As a child, I always heard my parents echo the saying: “Dime con quien andas y te dire quien eres.” That’s the Spanish idiom for “A man is known by the company he keeps” or the less refined, “If you lie down with dogs, you get up with fleas.” So this campaign season I’m paying very close attention to the company being kept by our candidates.
I’ve already found many of Mitt Romney’s choices to be, at best, questionable. What some of his friends signal is flat out frightening, from Big Oil to the Koch brothers. The convention this week gives us an even further look into who counts themselves (or would like to count themselves) among Mitt’s friends and therefore, a glimpse into what a Romney presidency could look like.

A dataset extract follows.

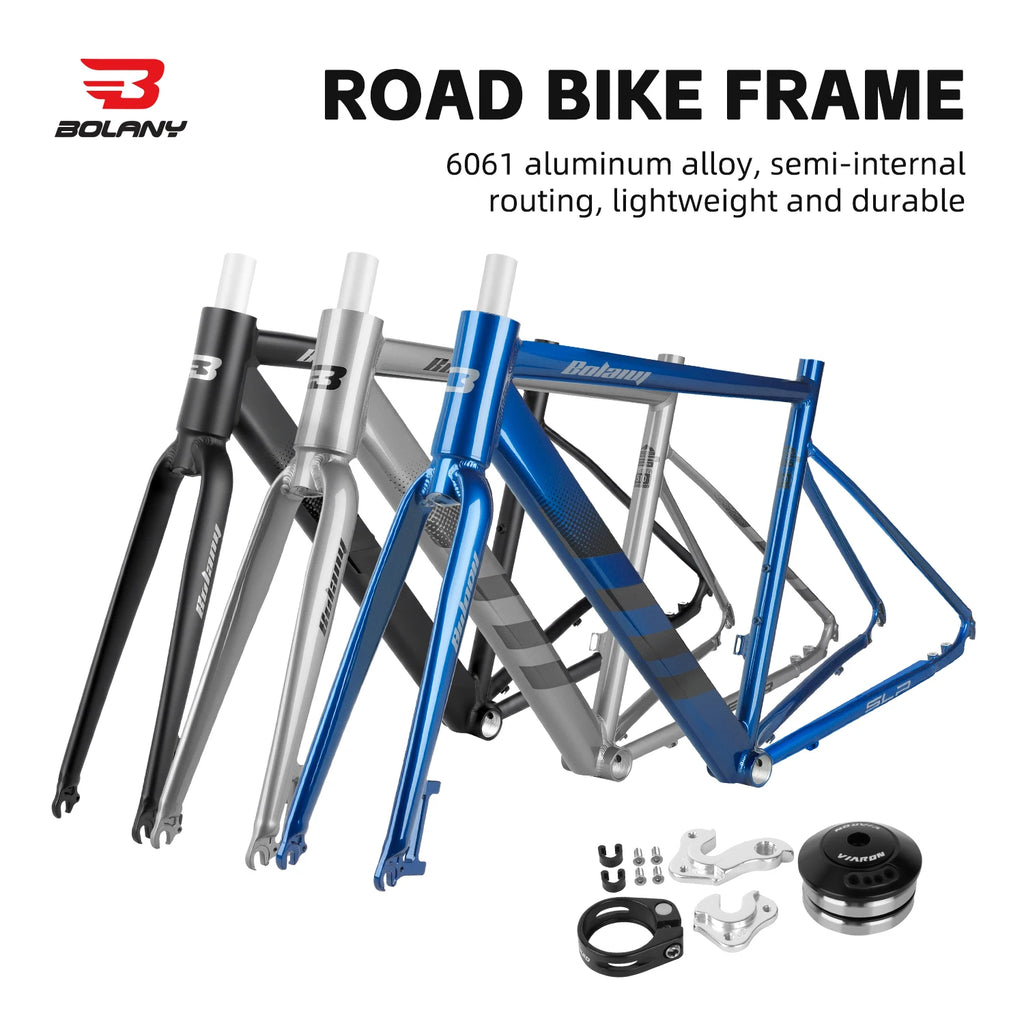 BOLANY Road Bike Frame Internal Cable Routing Disc Brake Compatible 10x135mm Quick Release Aluminum Alloy Road Bicycle Frame
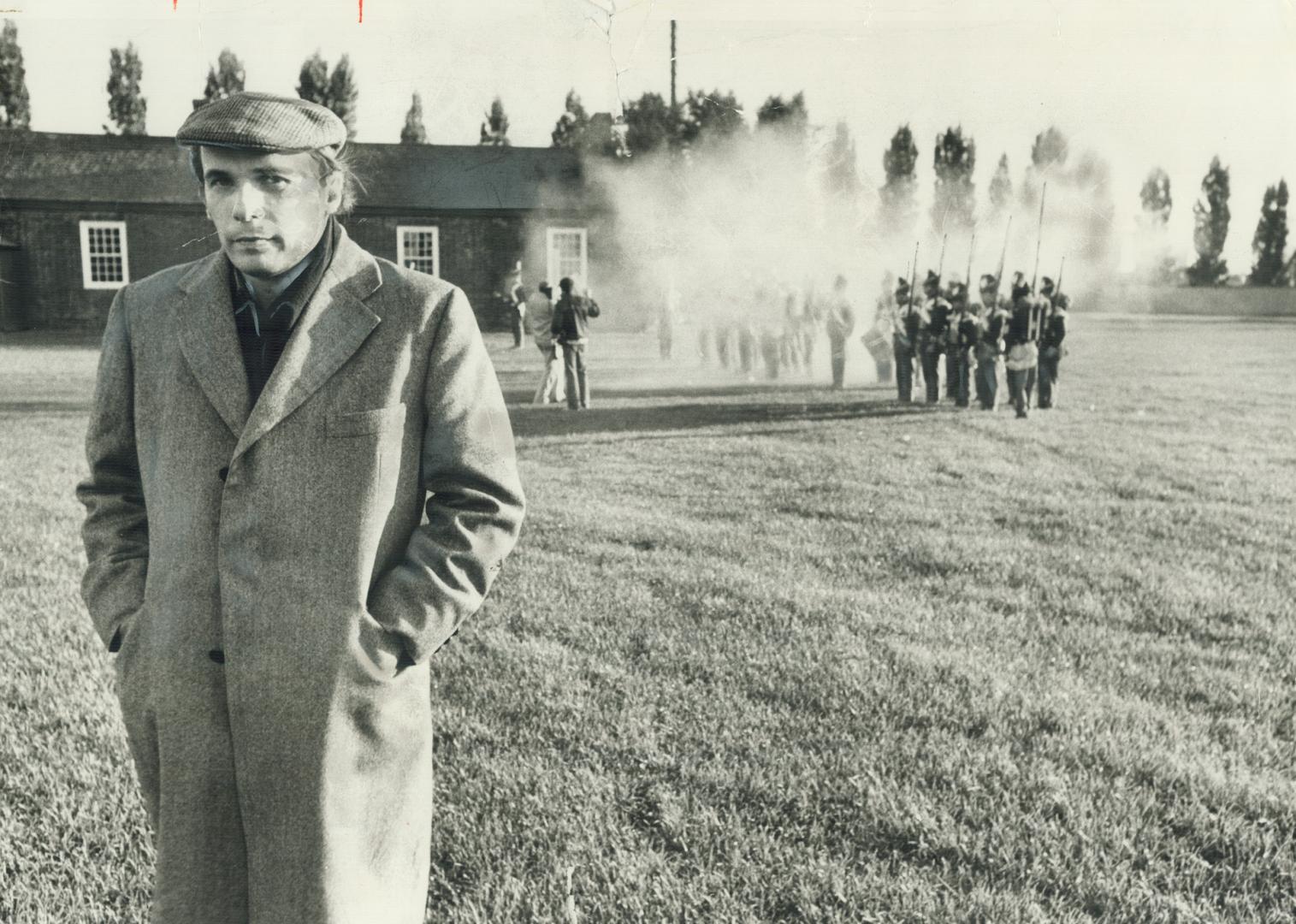 Renowned pianist Glenn Gould at Old Fort York yesterday during filming of a television show, Glenn Gould's Toronto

As a Hispanic voter, I’ll admit the stage is seductive. Having several notable Hispanics on the agenda does, at first blush, seem to say, “The GOP cares about Hispanics.” Unfortunately a closer look reveals that heritage in no way means that you represent the interests of the majority of the U.S. Hispanic community.
Just look at one of last night’s featured speakers, Nevada Governor Brian Sandoval. Governor Sandoval has publicly supported the Arizona law which compels local and state law enforcement to question the identity and immigration status of people if there is reason to think they are not here legally, a law also favored by that GOP darling Marco Rubio, also among the GOP cast for the convention.
New Mexico Gov. Susana Martinez, often called the ultimate immigrant success story, has similarly turned her back on Hispanics, promising in her 2010 campaign to repeal a law that allows illegal immigrants to get driver’s licenses. In fact, Ms. Martinez will be in charge of delivering the party platform on immigration, written by none other than Kansas Secretary of State Kris Kobach, the author of Arizona’s SB 1070 immigration bill and a key author of the GOP platform on immigration.
But even as a Hispanic voter, my concerns go far beyond immigration and run the gamut from women’s rights to environmental protection where, once again, a look at Governor Martinez’s friends tells you a lot about what she really values.
In her short tenure, she has worked hard to protect Big Oil and the dairy/livestock industry as they threaten groundwater and New Mexico’s treasured natural resources. She has fought regulations to prevent massive industrial dairy farms, known as CAFOs (confined animal feeding operations) from dumping huge amounts of waste where it can leach into groundwater supplies (currently legal in NM, gross!); stopped regulations to keep oil and gas drilling waste out of groundwater, and kept EPA from requiring modern pollution controls on the dirty San Juan power plant, to name a few.
Why? Clearly this in no way benefits New Mexicans but one look at her friends in Big oil and the dairy/livestock industry gives you the answer. And those friends have showered more than $1 million in campaign contributions on her.
So as we watch the convention this week, let’s remember that like candidate Romney, some other featured Republicans clearly care much more about protecting their friends than taking care of the people they represent.